Tanto tiempo deseando la despedida de don Rajoy y, cuando ocurre, nos invade un ánimo melancólico. Lo cierto es que ha sido una batalla por completo carente de épica. Una versión ratonera del asesinato de César, en la que también aquí ha habido más acuerdo para deshacerse del tirano que para gobernar Roma. El ya ex presidente ha sido víctima de su propio talante: engreído y desdeñoso hasta la ceguera. Los adversarios, unos reales y otros sobrevenidos, no han tenido más que navegar la ola de la oportunidad. Don Rajoy cae abatido por su hybris, el estado de quien no escucha las voces de la realidad. El último gesto de permanecer oculto en compañía de un puñado de íntimos mientras tenía lugar la ceremonia de su defenestración política revela soberbia y cobardía a partes iguales. Don Rajoy hasta el final.

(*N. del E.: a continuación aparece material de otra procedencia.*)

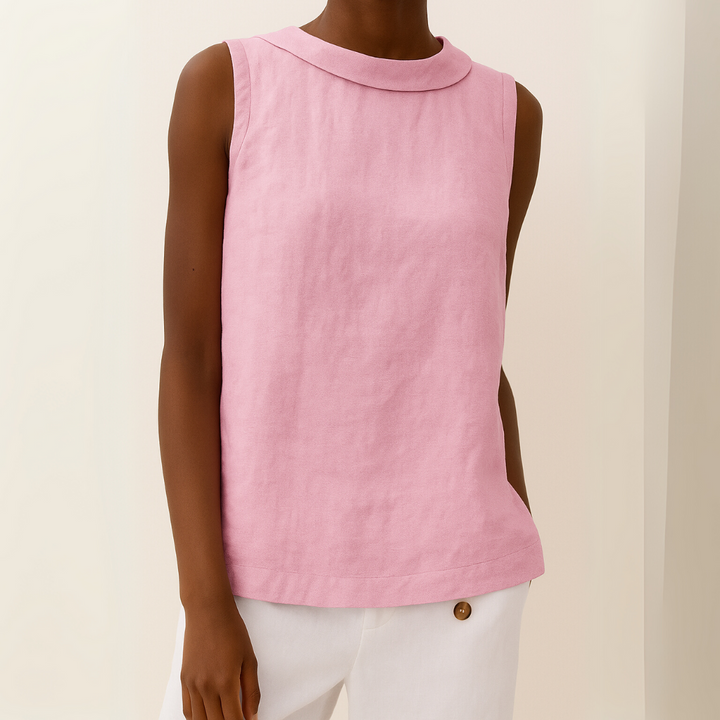 Cornelia | Elegante Mouwloze Top met Rolkraag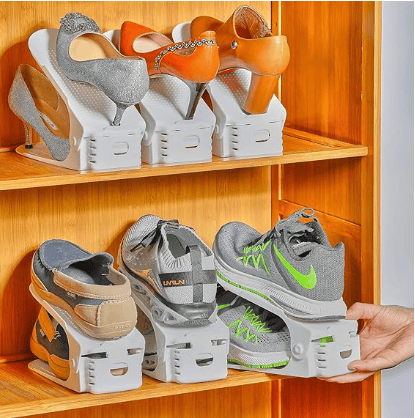 👟Adjustable Double Layer Stack Shoe Holder ,Transform Your Closet!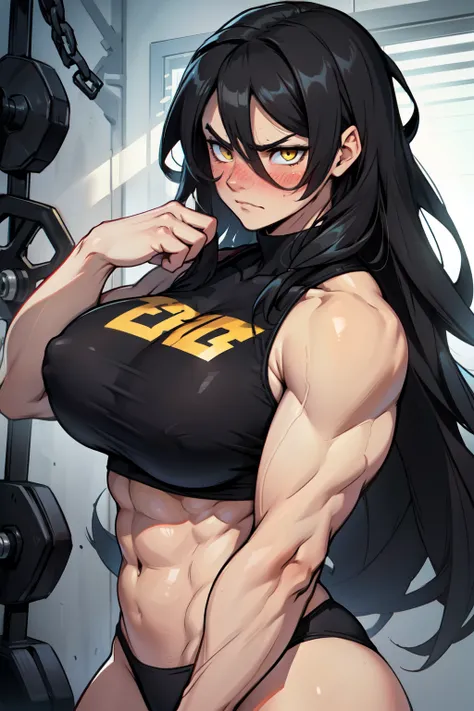 girl huge breasts bodybuilder muscular toned body pale skin black hair very long hair yellow eyes angry (blushing embarrassed)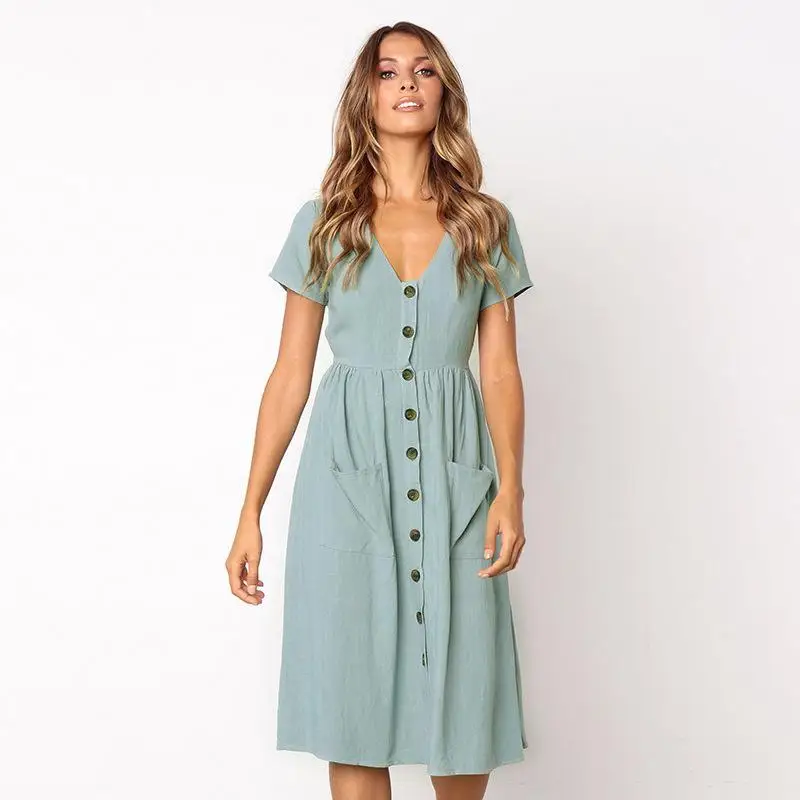 

New Brand An Mo Yan Summer Short Sleeve Long Sleeve Two Women Dresses Fashion V-neck Pocket Harajuku Clothing Women's Dress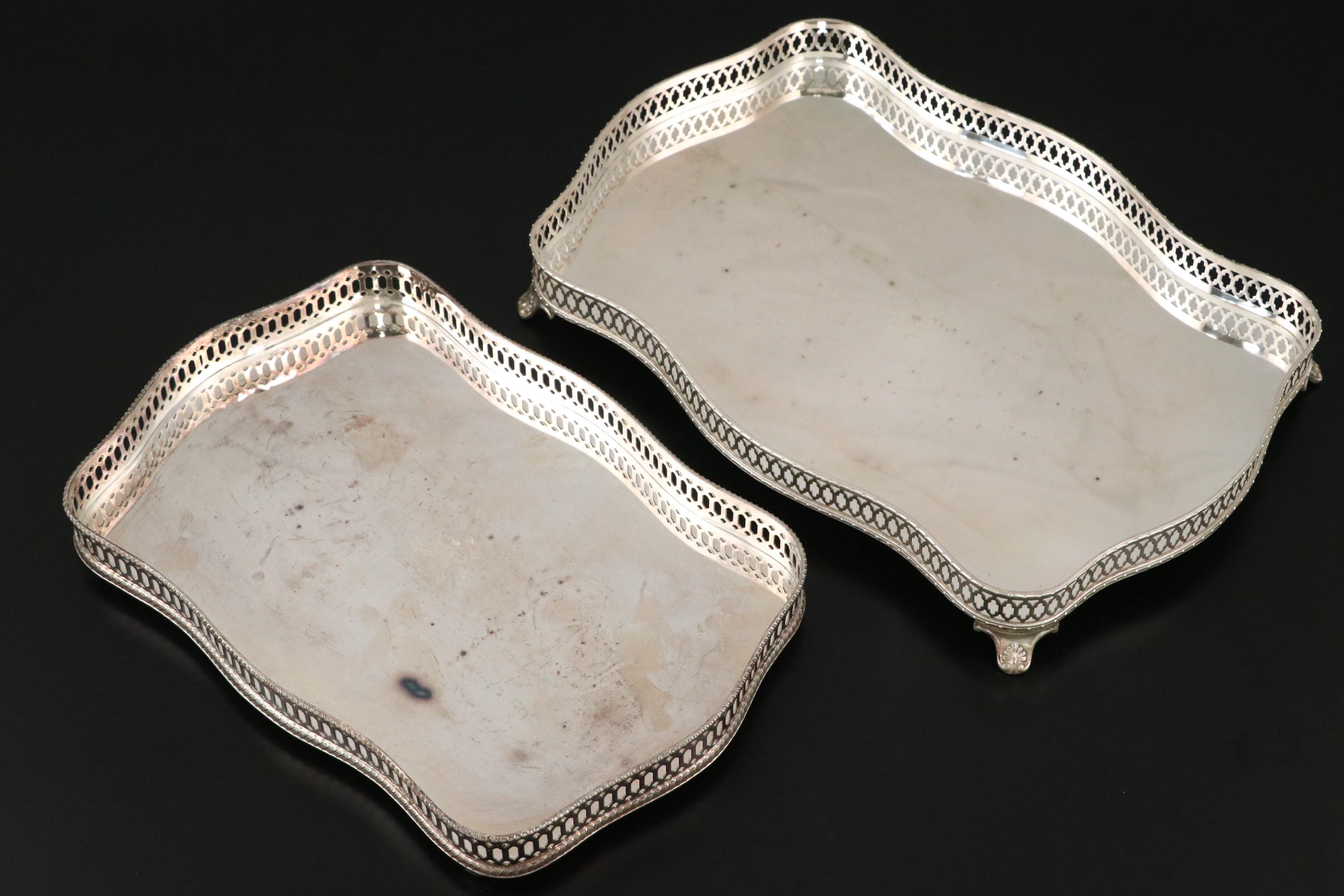 Crescent and Other Silver Plate Gallery Trays, Mid to Late 20th Century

A don Sánchez le ensalzan por su debilidad, cada voto recibido es una advertencia de su deuda. En la tribuna se mostraba contrito y mendicante, a veces con la mirada baja sobre el atril, como el pedigüeño que se avergüenza de su oficio. Ni una palabra que permitiera entrever su programa, sus intenciones, sus prioridades. Se puede aventurar que, en la línea de don Zapatero, dará pasos en el ámbito de los derechos cívicos, cercenados por el pepé, y que revertira en lo posible las políticas de la derecha en materia de ciencia, ecología, igualdad y otros. Pero está por ver qué va a hacer con la reforma laboral y con programas sociales que signifiquen mayor gasto público. Tampoco hay indicios sobre cómo se propone estabilizar, como dice él, la cuestión territorial y, específicamente, el conflicto de Cataluña; en este punto, los antecedentes en el comportamiento socialista son ambiguos y contradictorios. Bien, ya veremos.